1. Ergonomischer Stuhl

„Eine gesunde Sitzhaltung ist das A und O, um Rückenproblemen und Verspannungen am Arbeitsplatz vorzubeugen. Ein ergonomischer Stuhl bietet dafür die Grundlage. Er muss nicht unbedingt teuer sein, aber sich individuell anpassen lassen“, sagt Dr. Ursula Marschall, Leitende Medizinerin bei der Barmer. Im Optimalfall sind Höhe, Tiefe und Neigung des Sitzes sowie die Armlehnen und die Rückenlehne verstellbar. Eine Nacken- oder Kopfstütze ist zwar nicht unbedingt erforderlich, bietet aber zusätzlichen Komfort. 

2. Richtig sitzen

„Richtig sitzen ist kein Hexenwerk. Trotzdem wird es regelmäßig falsch gemacht. Viele Menschen rutschen zum Beispiel immer krummer in den Stuhl, sitzen zu tief oder zu hoch und haben keine oder zu viel Beinfreiheit“, warnt Marschall. Wichtig ist eine aufrechte Sitzhaltung, mit Armen und Beinen im rechten Winkel zum Körper und beiden Füßen fest auf dem Boden. Dazu muss die Höhe des Bürostuhls zunächst einmal entsprechend eingestellt werden. Erst danach sollte man bei dem Test am Tisch schauen, ob ein bequemes Arbeiten möglich ist. „Ein Bürostuhl sollte immer an den Körper angepasst werden und nicht an die Tischhöhe“, rät Marschall. Andersfalls besteht zum Beispiel die Gefahr, dass der Stuhl zu niedrig eingestellt wird, um irgendwie mit den Beinen unter den Tisch zu kommen. 

3. Laptop und Maus richtig ausrichten

„Auch die besten Büromöbel helfen gegen Nackenschmerzen wenig, wenn das Arbeitsgerät auf dem Tisch falsch platziert ist“, sagt Marschall. Wer mit einem Laptop arbeitet, sollte ihn unbedingt im richtigen Blickwinkel ausrichten. Zwischen Augen und Bildschirm sind etwa 50 bis 70 Zentimeter ideal. Um den Nacken zu schonen, sollte der Blickwinkel rund 20 Grad nach unten betragen.
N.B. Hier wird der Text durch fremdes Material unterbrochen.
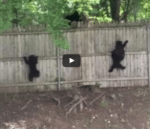 Schattige klimmende beertjes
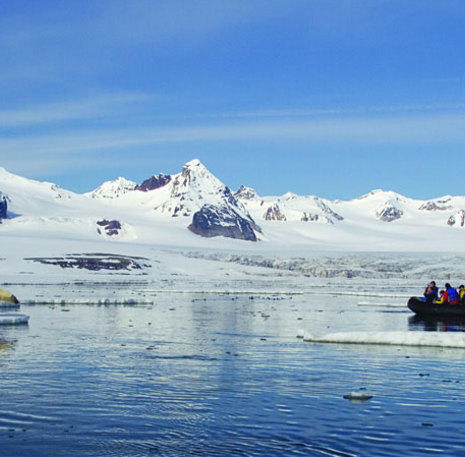 IJsbeer Spitsbergen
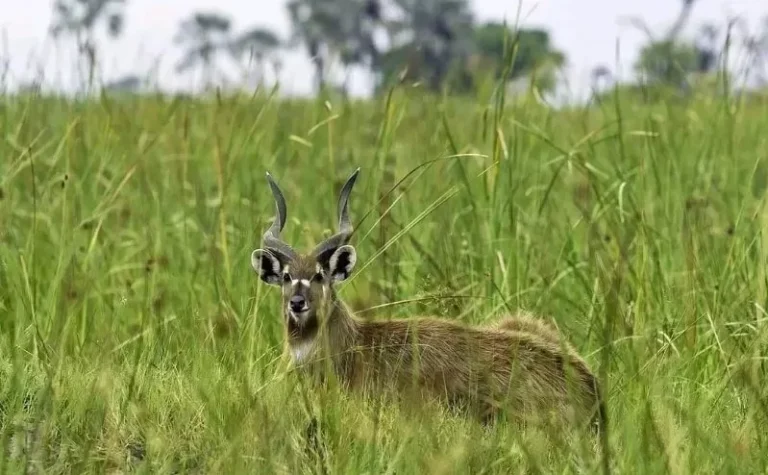 Kenya running out of time to save shrinking wetlands, say experts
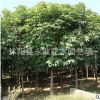七葉樹樹苗批發優質行道風景樹 園林工程綠化苗木 紅花七葉樹小苗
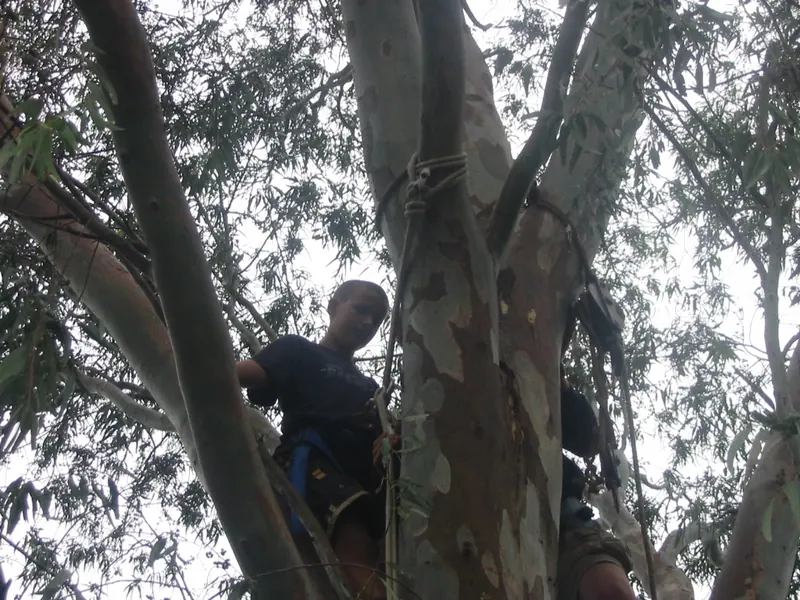 Troop Camp 2004, photo 21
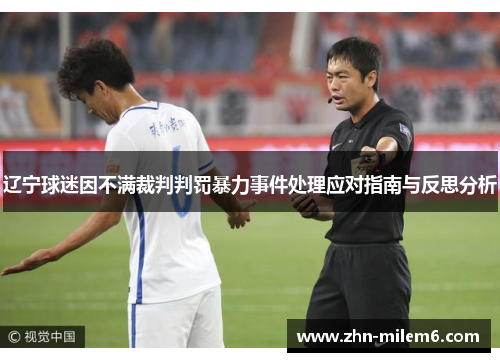 辽宁球迷因不满裁判判罚暴力事件处理应对指南与反思分析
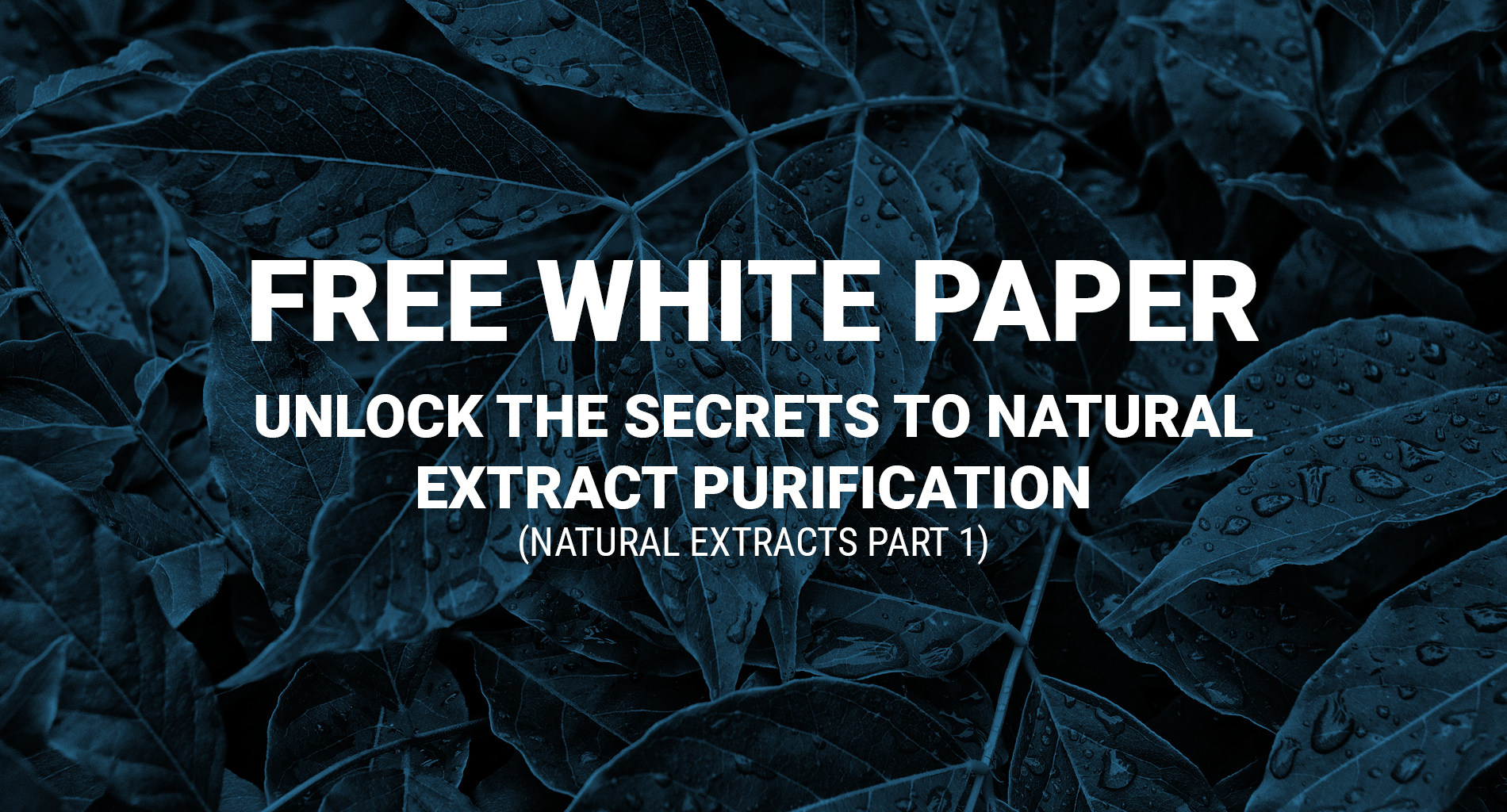 natural extracts header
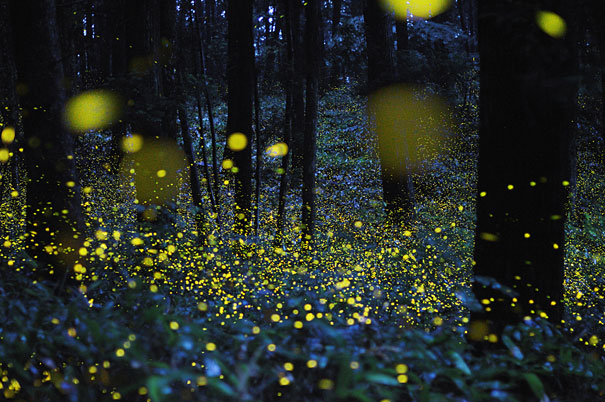 Surreal Long Exposure Photos of Gold Fireflies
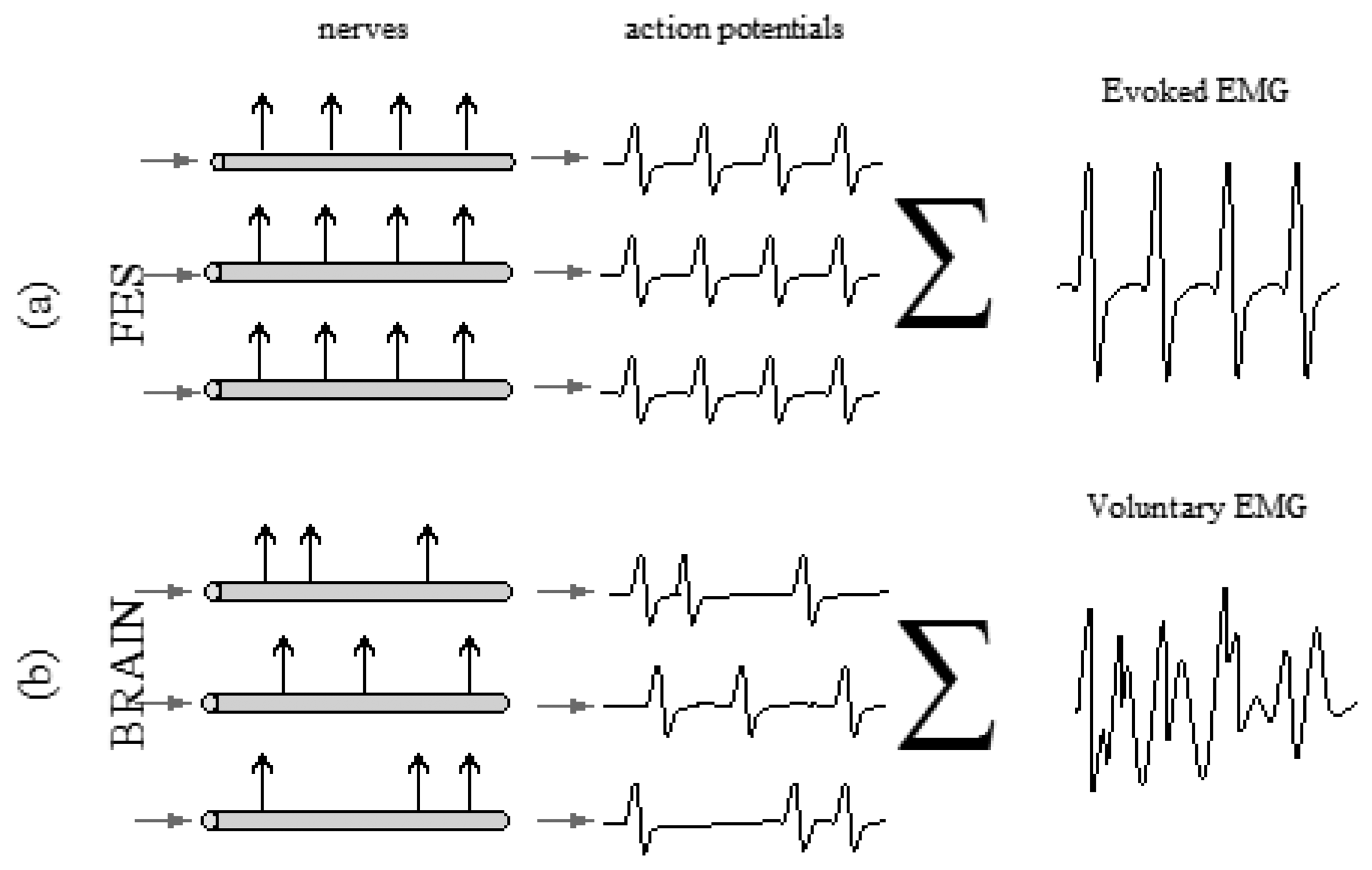 Sensors 14 12598f4 1024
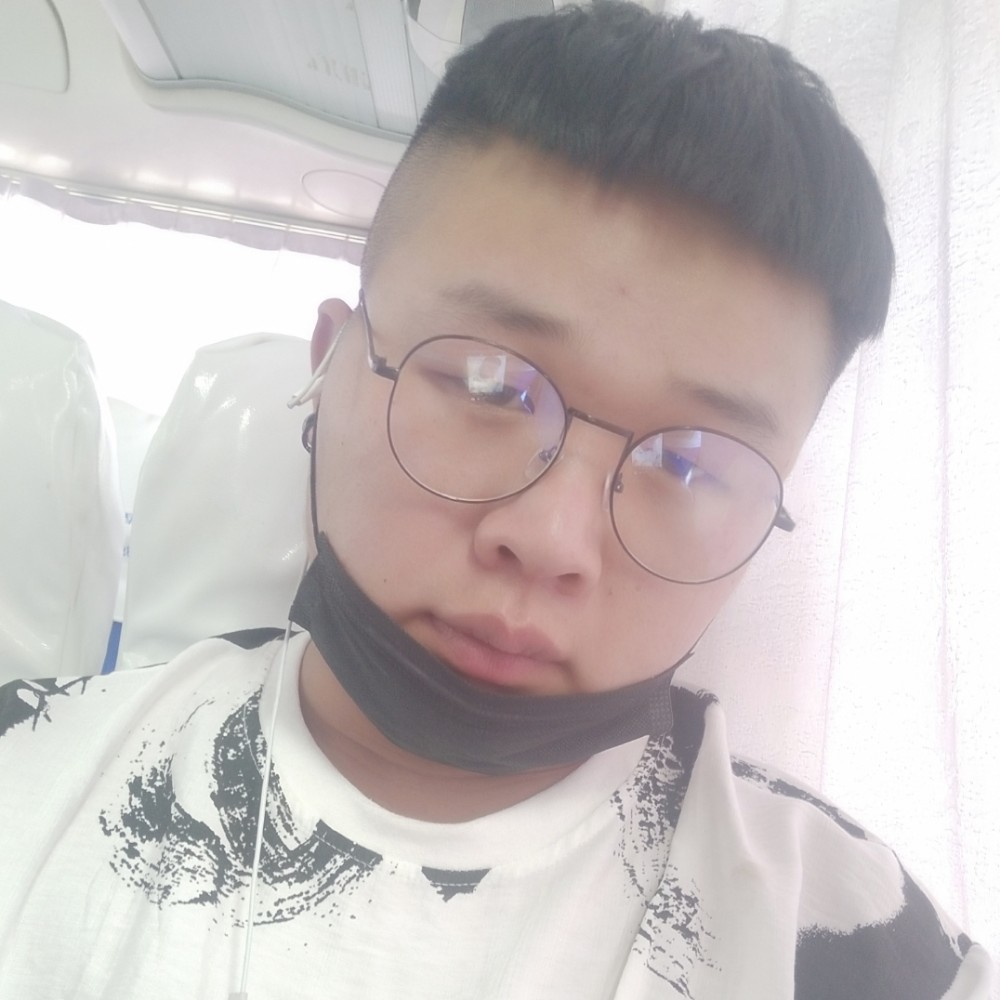 斑马最后的的照片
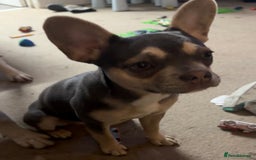 Mixed Breed dogs for sale: Beautiful French Bulldog - Image 1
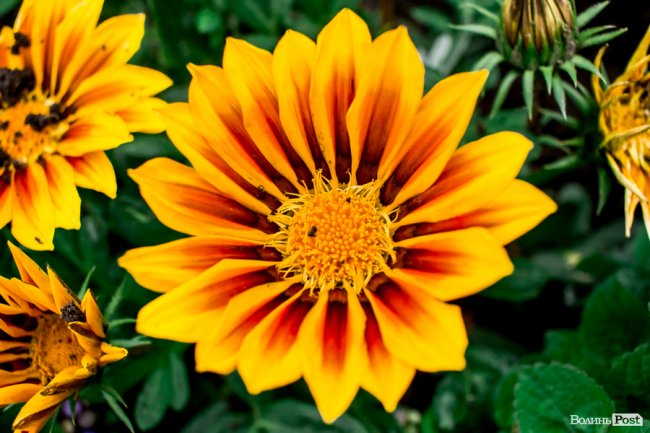 Барвиста краса: літній Луцьк потопає у квітах. ФОТО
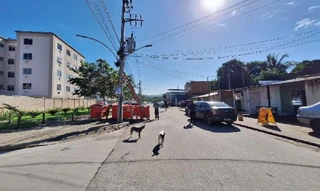 Imóvel 2421397 ['8787708406932'] - ['ESTRADA CABUCU DE BAIXO,N. 450 APTO. 302 BL 06, GUARATIBA - CEP: 23036-060, RIO DE JANEIRO - RIO DE JANEIRO'] ['Campo Grande'] - ['Rio De Janeiro']/['RJ'] - 1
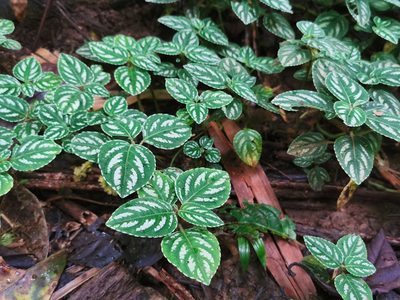 Impatiens marianae, photographed by Elías Torres Arroyo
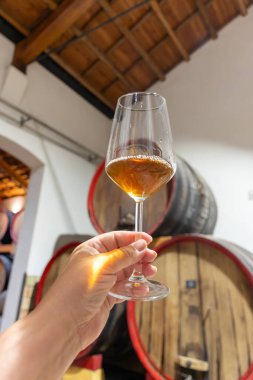 Eski büyük meşe fıçılarıyla şarap mahzenini ziyaret etmek, Marsala, Sicilya, İtalya ve şarap endüstrisindeki varillerden alınmış bir bardak güçlendirilmiş veya lezzetli marsala şarabı.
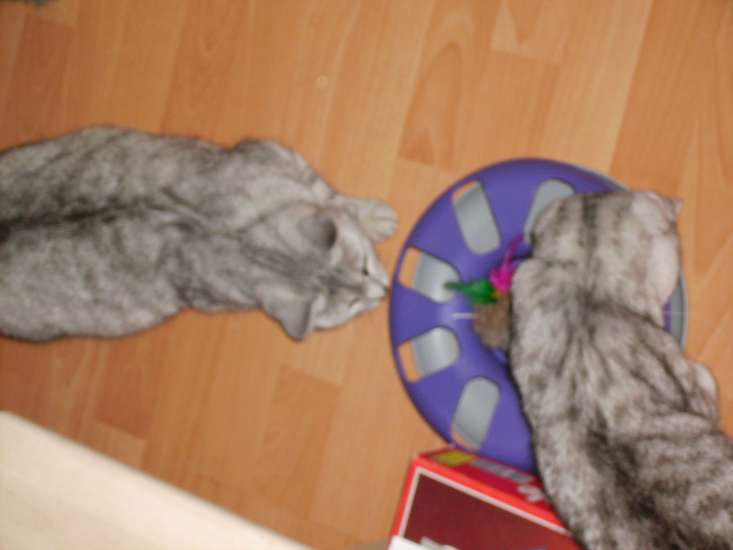 Schliessen von 088.jpg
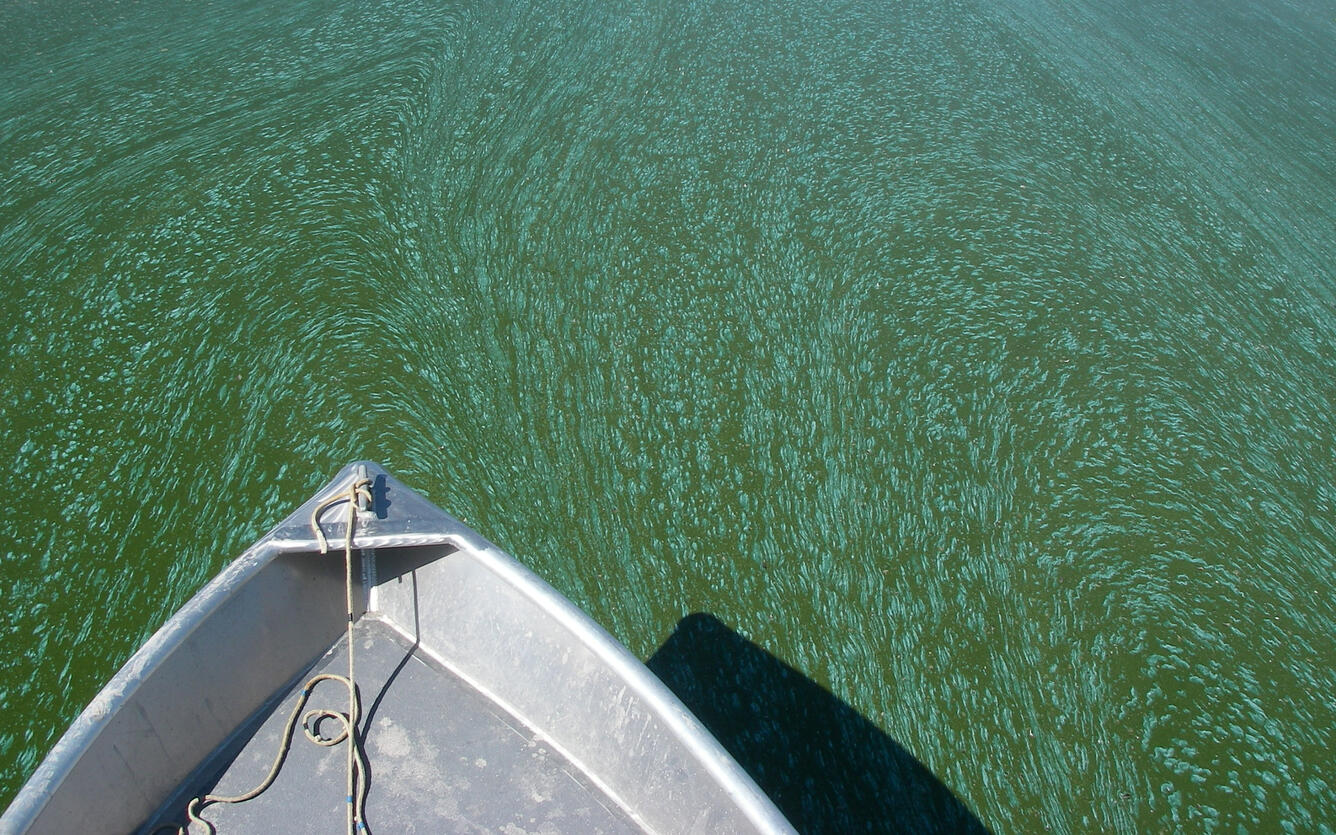 Algal Bloom on Upper Klamath Lake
Wer mit einer Maus arbeitet, sollte diese nicht zu weit von sich entfernt positionieren. Ansonsten müsse man jedes Mal die Arme ausstrecken, um danach zu greifen. Denn dabei rollt man die Schultern nach vorne und krümmt den Rücken.

4. Gleichmäßig sitzen

„Viele Menschen neigen dazu, im Sitzen eine Seite mehr zu belasten als die andere. Das führt früher oder später zu Verkrampfungen und Muskelschmerzen“, erklärt Marschall. Wichtig ist daher, auf die Verteilung des Gewichtes auf Hüften und Po immer wieder bewusst zu achten. Das hilft dabei, das Körpergewicht gleichmäßig zu verteilen.

5. Pausen machen

„Regelmäßige Pausen von der Arbeit sind für die Produktivität sehr wichtig. Dies gilt umso mehr im Homeoffice, wo sich die meisten Beschäftigten ohnehin weniger bewegen“, sagt Marschall. Jede Stunde sollte man mindestens einmal aufstehen, um sich ein Glas Wasser zu holen, oder sich die Beine zu vertreten. Zusätzlich ist in der Mittagspause oder nach Feierabend ein etwa halbstündiger Spaziergang oder eine andere moderate Sporteinheit empfehlenswert, um einen Ausgleich zu erhalten.